Dün akşam, çok sevdiğim “Daha Sade Bir Hayat” kitabının sayfalarını tekrar karıştırırken, şöyle bir paragrafa rastladım:
“…Ben, çocuğun günün ufak bir bölümünü mum ışığında geçirmesinin çok önemli olduğunu farkettim. Bu, uyku saatinden önce, gün ile geceyi ayıran o zaman diliminde uygulanabilir. Çocuklar, mumun yaydığı büyülü ışık çemberine bayılırlar. Kuzey’de kış ayları uzun ve karanlıktır. Okula gitmek için erken kalkan kızım, aşağıya inip kahvaltı masasında ona özel yakılmış bir mum görmekten çok hoşlanır. Bir şekilde, dışarının karanlığı mumla aydınlatılmış bir sabahın huzurunu arttırıyor. Bu ışık güne başlarken bizi bir nefes gibi yakınlaştırıyor.”.
-Kim John Payne
Okur okumaz sizinle de paylaşmak istedim. İster çocuklu bir ebeveyn olun, ister yalnız yaşayan bir öğrenci… Herkesin, istisnasız herkesin, günün belli bir bölümünü mum ışıklarıyla aydınlatılmış bir mekanda geçirmesinin iyileştirici, dinginleştirici, yakınlaştırıcı etkileri olduğunu düşünüyorum.

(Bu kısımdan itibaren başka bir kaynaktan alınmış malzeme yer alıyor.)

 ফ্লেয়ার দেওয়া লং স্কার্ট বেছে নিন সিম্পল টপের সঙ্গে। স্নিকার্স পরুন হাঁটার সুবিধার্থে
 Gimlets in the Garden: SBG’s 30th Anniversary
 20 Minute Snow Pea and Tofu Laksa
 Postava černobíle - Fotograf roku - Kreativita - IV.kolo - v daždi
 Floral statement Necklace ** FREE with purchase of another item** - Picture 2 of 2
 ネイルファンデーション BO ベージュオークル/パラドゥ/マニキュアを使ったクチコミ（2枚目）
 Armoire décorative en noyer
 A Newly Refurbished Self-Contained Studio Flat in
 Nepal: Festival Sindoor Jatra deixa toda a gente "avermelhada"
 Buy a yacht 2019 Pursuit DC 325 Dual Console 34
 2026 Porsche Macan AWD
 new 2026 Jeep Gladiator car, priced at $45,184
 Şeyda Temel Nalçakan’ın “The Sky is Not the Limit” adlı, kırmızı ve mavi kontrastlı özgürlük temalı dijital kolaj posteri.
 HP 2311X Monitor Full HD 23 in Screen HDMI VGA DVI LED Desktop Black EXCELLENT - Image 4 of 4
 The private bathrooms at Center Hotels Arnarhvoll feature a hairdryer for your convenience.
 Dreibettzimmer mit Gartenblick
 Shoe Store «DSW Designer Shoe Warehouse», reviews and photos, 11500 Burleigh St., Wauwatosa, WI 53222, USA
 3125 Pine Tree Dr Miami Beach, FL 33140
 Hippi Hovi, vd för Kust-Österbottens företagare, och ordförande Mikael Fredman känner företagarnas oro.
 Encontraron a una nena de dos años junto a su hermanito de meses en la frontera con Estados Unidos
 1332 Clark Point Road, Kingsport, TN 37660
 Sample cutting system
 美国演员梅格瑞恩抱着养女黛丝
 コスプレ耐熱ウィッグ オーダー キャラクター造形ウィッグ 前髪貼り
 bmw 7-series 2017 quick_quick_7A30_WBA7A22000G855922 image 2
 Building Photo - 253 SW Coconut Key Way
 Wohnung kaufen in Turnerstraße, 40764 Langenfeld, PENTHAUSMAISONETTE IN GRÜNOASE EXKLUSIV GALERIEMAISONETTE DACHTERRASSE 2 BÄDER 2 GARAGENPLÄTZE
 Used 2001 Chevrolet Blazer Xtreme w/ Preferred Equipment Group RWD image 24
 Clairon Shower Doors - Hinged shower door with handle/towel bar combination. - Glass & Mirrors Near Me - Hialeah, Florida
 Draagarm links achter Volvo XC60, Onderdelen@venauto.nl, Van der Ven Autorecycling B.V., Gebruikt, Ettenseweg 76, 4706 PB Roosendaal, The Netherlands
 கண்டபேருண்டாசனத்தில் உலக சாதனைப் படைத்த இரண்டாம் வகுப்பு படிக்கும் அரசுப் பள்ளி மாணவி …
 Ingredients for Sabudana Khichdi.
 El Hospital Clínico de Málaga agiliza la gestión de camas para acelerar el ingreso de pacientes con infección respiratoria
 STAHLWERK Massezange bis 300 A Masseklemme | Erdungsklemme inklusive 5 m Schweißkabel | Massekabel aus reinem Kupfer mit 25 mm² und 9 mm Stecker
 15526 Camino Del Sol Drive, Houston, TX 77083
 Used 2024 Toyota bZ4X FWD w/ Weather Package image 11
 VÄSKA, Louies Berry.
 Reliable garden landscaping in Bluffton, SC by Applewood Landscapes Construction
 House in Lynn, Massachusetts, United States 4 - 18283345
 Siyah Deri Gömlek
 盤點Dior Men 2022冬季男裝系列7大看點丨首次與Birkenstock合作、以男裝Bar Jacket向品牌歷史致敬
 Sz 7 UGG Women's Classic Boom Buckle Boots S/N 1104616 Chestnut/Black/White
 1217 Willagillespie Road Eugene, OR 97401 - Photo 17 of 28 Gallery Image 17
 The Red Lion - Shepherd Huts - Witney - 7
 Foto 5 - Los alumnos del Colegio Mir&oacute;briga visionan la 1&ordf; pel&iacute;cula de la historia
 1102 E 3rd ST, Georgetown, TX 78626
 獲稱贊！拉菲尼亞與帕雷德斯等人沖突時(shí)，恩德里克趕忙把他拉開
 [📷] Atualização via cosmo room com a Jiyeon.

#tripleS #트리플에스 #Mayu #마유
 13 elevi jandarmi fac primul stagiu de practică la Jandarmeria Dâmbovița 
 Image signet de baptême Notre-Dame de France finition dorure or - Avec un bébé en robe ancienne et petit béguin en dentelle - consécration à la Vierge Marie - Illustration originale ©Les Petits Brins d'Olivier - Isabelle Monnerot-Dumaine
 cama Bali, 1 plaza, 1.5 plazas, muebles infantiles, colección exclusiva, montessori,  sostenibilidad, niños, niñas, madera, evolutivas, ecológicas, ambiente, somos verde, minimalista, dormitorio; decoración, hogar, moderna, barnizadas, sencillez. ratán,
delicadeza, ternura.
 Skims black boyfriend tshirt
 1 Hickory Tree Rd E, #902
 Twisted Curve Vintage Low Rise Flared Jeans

Bu geceyi belki çocuklarınızla/eşinizle bir kutu oyunu gecesine çevirebilir, belki bitki çayınızı yudumlayıp kitap okuyabilir veya partnerinizle mum ışığında yemek yiyip sohbet edebilirsiniz dikkat dağıtıcı teknolojik araçlar olmaksızın.

Ne dersiniz, bugün mum ışığıyla bir deneme yapmaya var mısınız?
zeynep
Ece bayılıyorum yazılarına, öyle sıcak içten ki sanki seninle sohbet ediyormuşcasına, ve her bir yazın zihin açıyor, insanın aklına türlü türlü fikirler getiriyor muhteşemsin:) hep böyle kal ve bol bol yaz.